Similarly, the attack on his brothers took place prior to his hearing, so he
could have raised that, too. Therefore, the officer concluded that Mr Mazrekaj
had failed to present new evidence that he faced a substantial risk of
mistreatment in Kosovo.
[4]
Mr
Mazrekaj argues that the officer erred by failing to accord him an oral
hearing, by relying on evidence of which he was unaware, and by rendering an
unreasonable decision. He asks me to quash the officer’s decision and order
another officer to reconsider his application.
[5]
I
agree with Mr Mazrekaj that the officer reached his conclusion by relying on
extrinsic materials to which he should have had a chance to respond. I will
grant his application for judicial review on that basis, making it unnecessary
for me to consider Mr Mazrekaj’s other arguments.
[6]
The
sole issue, therefore, is whether the officer treated Mr Mazrekaj unfairly by
relying on extrinsic materials.
II. The Officer’s
Decision
[7]
The
officer took note of Mr Mazrekaj’s claim that, at the time of his refugee
hearing, he feared the consequences of disclosing his uncle’s testimony before
the ICTY. However, the officer found that the testimony had been public
knowledge well before the hearing.
[8]
The
officer relied on his own research of the ICTY’s website. It showed that the
uncle’s testimony was published as part of the court’s records. The officer
also consulted the website of an organization called the SENSE Agency. It
showed that the uncle was featured in an article from 2009, eight months before
the refugee hearing.
[9]
Based
on this evidence, the officer concluded that Mr Mazrekaj could have raised his
concerns at his refugee hearing about his uncle’s testimony. Therefore, he had
not put forward a new risk that could support a positive PRRA.
III. Did the Officer rely
on extrinsic materials?
[10]
Mr
Mazrekaj submits that the officer treated him unfairly by relying on the
results of his own research, namely the ICTY transcript and SENSE report that
were publicly available before the refugee hearing. He claims not to have been
aware of that evidence. Therefore, the officer had a duty to give him a chance
to respond to it.
[11]
The
Minister contends that the evidence cited by the officer was not extrinsic, as
it was publicly available and came from a reliable source. In addition, Mr
Mazrekaj could have anticipated that the officer would check the ICTY website.

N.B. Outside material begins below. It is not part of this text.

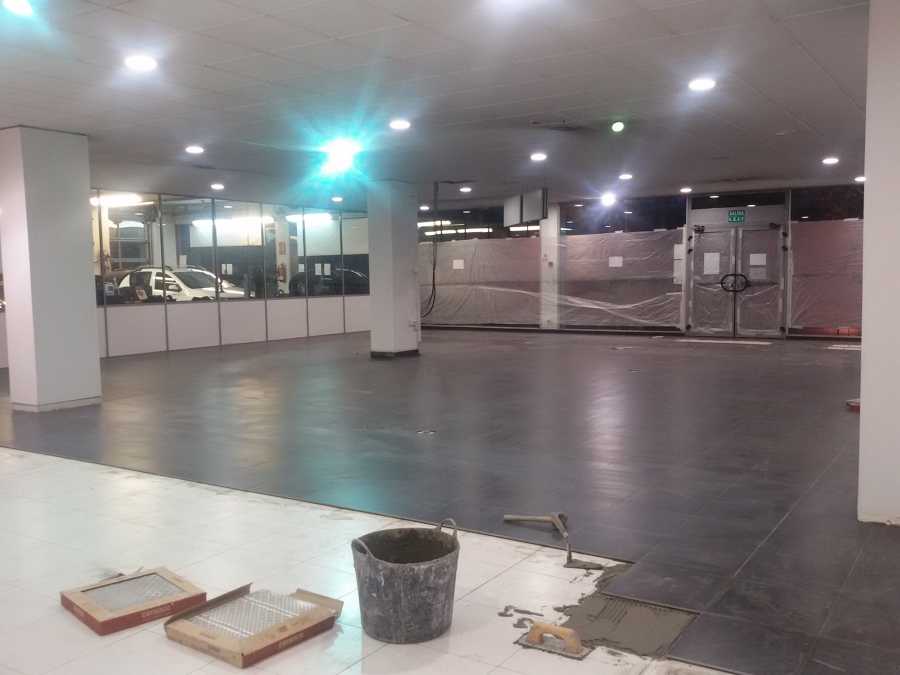 A pleno rendimiento.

In effect, Mr Mazrekaj simply “played the odds” by holding back a source of
risk that he should have raised at his hearing.
[12]
In
my view, Mr Mazrekaj should have been given an opportunity to respond to the
evidence on which the officer relied. The officer consulted materials that
could not be described as the kind of standard documents that applicants can
reasonably expect officers to consult (Riaji v Canada (Minister of
Citizenship and Immigration), 2011 FC 1240; Mancia v Canada (Minister of
Citizenship and Immigration), [1998] 3 FC 461 (CA)).
[13]
The
evidence before the officer showed a clear risk to ICTY witnesses and their
families. In effect, the officer rejected Mr Mazrekaj’s claim to have been
reluctant to publicly identify his uncle as a witness at the time of his
refugee hearing on the basis that he must have known that this was already
public knowledge.
[14]
The
documents cited by the officer showed that at least some of the uncle’s testimony
was accessible on-line. But those sources were not so obvious or widely
accessible that they could defeat Mr Mazrekaj’s claim to have been unaware that
his uncle’s testimony was publicly available at the time of his hearing in
2010. Mr Mazrekaj should have been given a chance to respond to that evidence
before the officer concluded that his claim was groundless.
IV. Conclusion and
Disposition
[15]
The
officer’s failure to give Mr Mazrekaj an opportunity to respond to documentation
the officer retrieved through independent research was unfair to Mr Mazrekaj.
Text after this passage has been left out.